[ 
https://issues.apache.org/jira/browse/QPID-8681?page=com.atlassian.jira.plugin.system.issuetabpanels:comment-tabpanel&focusedCommentId=17922322#comment-17922322
 ] 

Ram Mantripragada commented on QPID-8681:
-----------------------------------------

[~rgodfrey] As I mentioned earlier, [~sudheersana]  has invested his 
significant time and effort in identifying the root cause and developing a 
solution for the performance issue we encountered, which is crucial to our 
specific use case. My intention in providing detailed information in the Jira 
ticket, along with the proposed solution was to help the maintainers like you 
quickly understand the problem and solution so we could get buy-in to move 
forward with Sudheer's PR which he raised after few hours of the ticket. It 
seems that this may have led to some confusion, because of which Sudheer is not 
able to move ahead with his PR impacting his righteous credit. My honest 
intention here is to ensure that Sudheer receives the appropriate credit for 
his work and should not suffer because of this confusion. I kindly request you 
to revert the recent direct commit you made to the main branch (based on the 
screenshot), as this will only take a few minutes of your valuable time. 
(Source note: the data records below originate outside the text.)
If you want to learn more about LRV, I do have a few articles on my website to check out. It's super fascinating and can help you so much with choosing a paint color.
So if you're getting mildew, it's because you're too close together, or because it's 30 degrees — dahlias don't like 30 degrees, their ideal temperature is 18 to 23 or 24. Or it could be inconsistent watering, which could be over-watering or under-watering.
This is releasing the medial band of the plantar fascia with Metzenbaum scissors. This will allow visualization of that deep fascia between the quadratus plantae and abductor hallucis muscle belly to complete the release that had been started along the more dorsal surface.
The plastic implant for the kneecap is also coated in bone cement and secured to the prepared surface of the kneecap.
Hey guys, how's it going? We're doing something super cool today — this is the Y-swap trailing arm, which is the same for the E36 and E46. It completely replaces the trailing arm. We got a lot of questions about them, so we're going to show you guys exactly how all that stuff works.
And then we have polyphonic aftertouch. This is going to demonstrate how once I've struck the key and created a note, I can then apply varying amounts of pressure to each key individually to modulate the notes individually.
Sudheer will soon submit a PR including the details of testing he has performed 
and validation that the issue is not happening anymore after this change for 
our scenario. These details in the PR would also be very useful for someone who 
try to understand the importance of the change later when comes across the PR.  
This approach will let Sudheer to get his righteous credit for the contribution 
and the effort he put into resolving this issue, which will be important for 
him within our organization as well. Thank you again for your ongoing 
contributions to the community, and for your understanding of this request. I 
hope you’ll consider this in the right spirit of mutual collaboration, and I 
appreciate your help in ensuring Sudheer’s hard work is recognized.
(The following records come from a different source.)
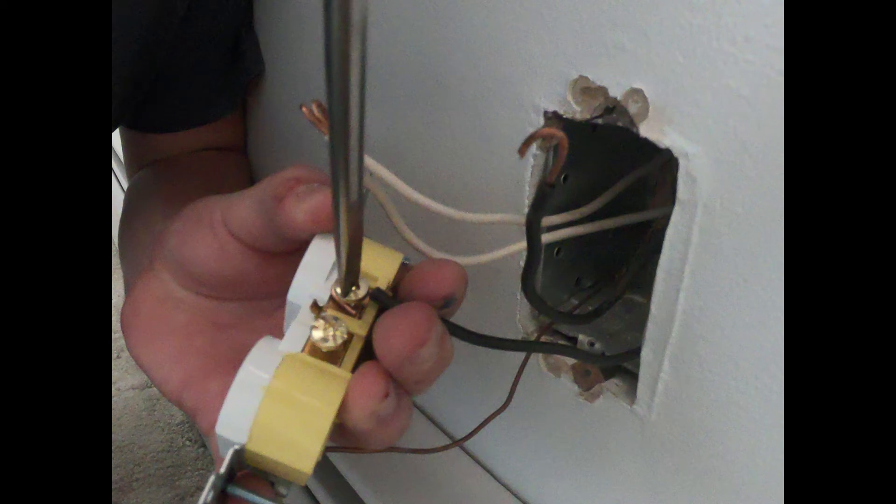Now start connecting the wires to the new outlet. On most outlets, the brass screws are for the black wires, the silver screws are for the white wires, and the green screw is for the ground. After connecting those, let's move on to the next step.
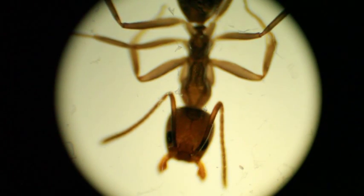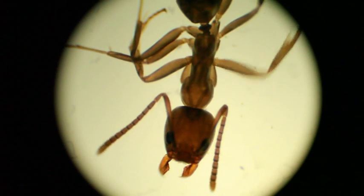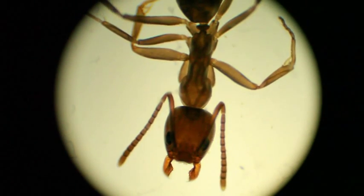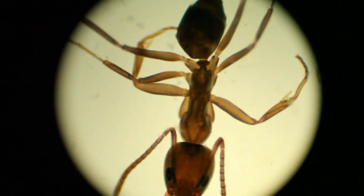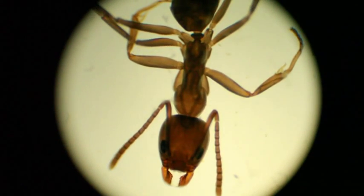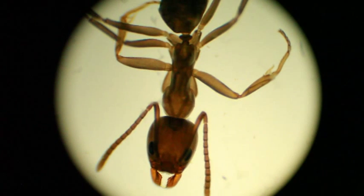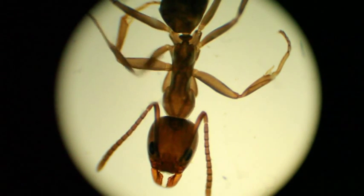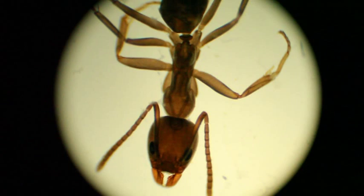Oh no, somebody help me. I'm trapped. Wait till I get out of here, you big bully. I'll kick you with my six legs — if that's the proper way to say legs for ants, who knows? It's exciting though. Alright, this is pretty fun, but let's see what else I can find and look through the microscope.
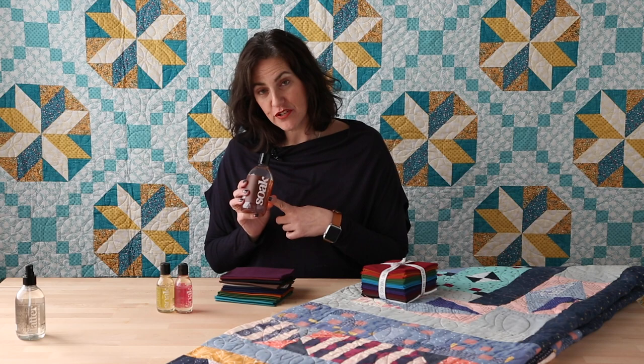If you have a vintage quilt, you can wash it in the bathtub if you want to wash it by hand, or again in the machine on the delicate cycle. You would use Soak like your traditional detergent — follow the instructions on your machine, or use just a capful if you're hand washing.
> Addressing lock contention in Sorted Queues under high load by optimizing 
> property fetching
> -------------------------------------------------------------------------------------------
>
>                 Key: QPID-8681
>                 URL: https://issues.apache.org/jira/browse/QPID-8681
>             Project: Qpid
>          Issue Type: Improvement
>          Components: Broker-J
>    Affects Versions: qpid-java-broker-7.0.9
>            Reporter: Ram Mantripragada
>            Assignee: Robert Godfrey
>            Priority: Critical
>              Labels: contention, performance
>             Fix For: qpid-java-broker-9.2.1
>
>         Attachments: image-2025-01-27-22-41-16-668.png, 
> image-2025-01-27-22-42-13-739.png
>
>   Original Estimate: 6h
>  Remaining Estimate: 6h
>
> *Summary:*
> Apache Qpid Broker J provides Sorted Queues, which allow users to implement a 
> message re-enqueue with delay feature. This feature is crucial in scenarios 
> where messages dequeued from regular queues cannot be processed immediately 
> due to certain preconditions (e.g., available resources, concurrency limits). 
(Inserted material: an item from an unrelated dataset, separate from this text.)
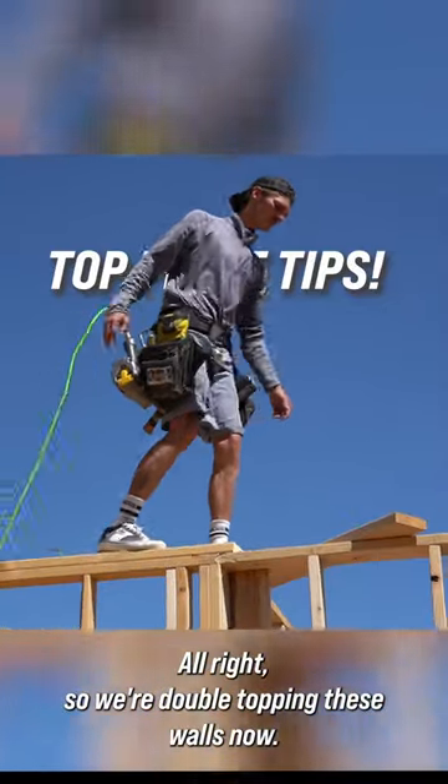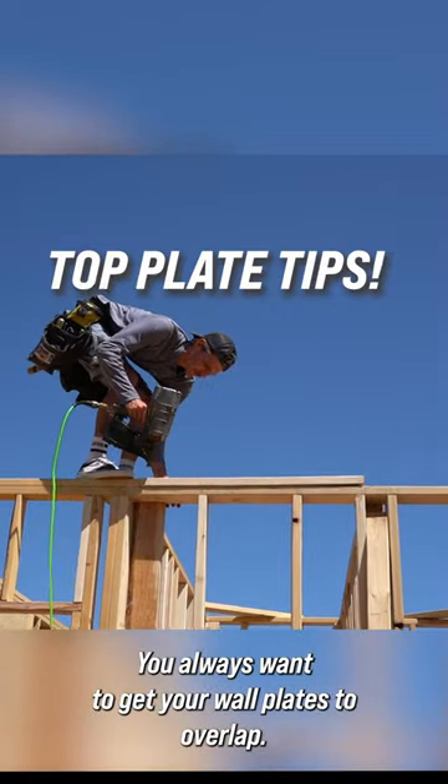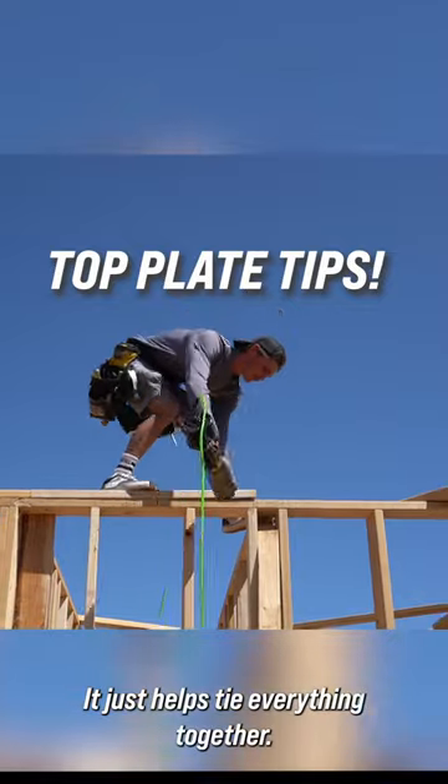All right, so we're double topping these walls now. I've got everything cut and ready. You always want to get your wall plates to overlap — it just helps tie everything together.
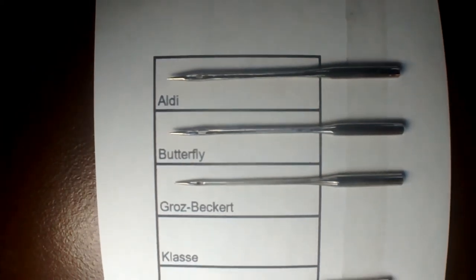The butterfly ones I got from China online. I didn't know they were butterfly till they came. They were pretty cheap but they look all right actually. I better not make too many judgments — I'll let you decide.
> These messages are re-enqueued to Sorted Queues, where they are sorted based 
> on their delay expiry time. Periodic jobs then check these Sorted Queues for 
> expired messages and move them back to the regular queues for processing.
> Under high load conditions (e.g., a re-enqueue rate of ~7,000 messages per 
> second), we observed that the broker experiences contention issues, causing 
> it to stop responding to REST API calls (which time out if REST timeouts are 
> set on the client side otherwise just hung around). These APIs are used to 
> periodically fetch queue statistics.
> *Analysis:*
> By analyzing Java Flight Recorder (JFR) data, we identified the root cause of 
> the contention:
>  # REST API calls to retrieve queue depths required querying some specific 
> predefined properties from the broker.
>  # However, for each requested property, the broker was inadvertently 
> fetching all 26 properties, resulting in repeated and excessive lock 
> acquisition attempts on the Sorted Queue data structure.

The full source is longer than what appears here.